Key Description Default
vfioManager.enabled Whether the VFIO bind/unbind helper is deployed. Enable it together with the Sandbox Device Plugin for VM passthrough. false
vfioManager.image.* VFIO Manager image. docker.io/rebellions/rbln-vfio-manager:<chart default>
pullPolicy: IfNotPresent

Container Toolkit

Key Description Default
containerToolkit.enabled Whether the Container Toolkit DaemonSet is deployed. Disable if CDI specs and runtime config are managed externally. true
containerToolkit.image.* Container Toolkit image. docker.io/rebellions/rbln-container-toolkit:<chart default>
pullPolicy: IfNotPresent
containerToolkit.imagePullSecrets Image pull secret(s); required when pulling from a private registry. []
containerToolkit.resources CPU/memory requests and limits for the toolkit pod. {}
containerToolkit.env Environment variables passed to the toolkit, including RBLN_CTK_DAEMON_SOCKET and RBLN_CTK_DAEMON_CONFIG_PATH. []

NPU Feature Discovery

Key Description Default
npuFeatureDiscovery.enabled Whether the operator deploys NPU Feature Discovery.
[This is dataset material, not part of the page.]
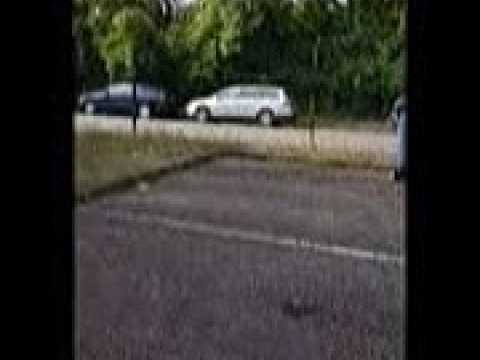 On entend le chant des cigales à Champigneulles (54)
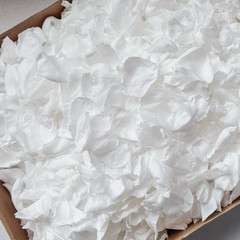 300 PCS Real White Rose Petals for Wedding, 2.82oz Fresh Rose Petals for Flower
Disable if you manage NPU node labels through another mechanism. true
npuFeatureDiscovery.image.* NPU Feature Discovery image. docker.io/rebellions/rbln-npu-feature-discovery:<chart default>
pullPolicy: IfNotPresent

Metrics Exporter

Key Description Default
metricsExporter.enabled Whether the Prometheus metrics exporter is deployed. Disable when another telemetry pipeline already covers NPUs. true
metricsExporter.image.* Metrics exporter image. docker.io/rebellions/rbln-metrics-exporter:<chart default>
pullPolicy: IfNotPresent

Operator Validator

Key Description Default
validator.image.* Validator DaemonSet image. docker.io/rebellions/rbln-npu-operator-validator:<chart default>
pullPolicy: IfNotPresent
validator.imagePullSecrets Image pull secret(s); required when pulling from a private registry. []
validator.resources CPU/memory requests and limits for the Validator pod. {}
validator.env Environment variables for the top level Validator process. []
validator.toolkit.env Environment variables for the Container Toolkit readiness subcheck. []
validator.driver.env Environment variables for the driver readiness subcheck. []

RBLN Daemon

Key Description Default
rblnDaemon.enabled Whether the rbln-daemon host service is deployed on each node. Enable when workloads need the RBLN Daemon in the cluster. false
rblnDaemon.image.* RBLN Daemon image. repo.rebellions.ai/rebellions/rbln-daemon:<chart default>
pullPolicy: IfNotPresent
rblnDaemon.imagePullSecrets Image pull secret. Uses the same drivercred secret as the driver image. [drivercred]
rblnDaemon.hostPort TCP port the daemon listens on, exposed via hostPort on each node. 50051
rblnDaemon.resources CPU/memory requests and limits for the daemon pod. {}
rblnDaemon.env Environment variables passed to the daemon container. []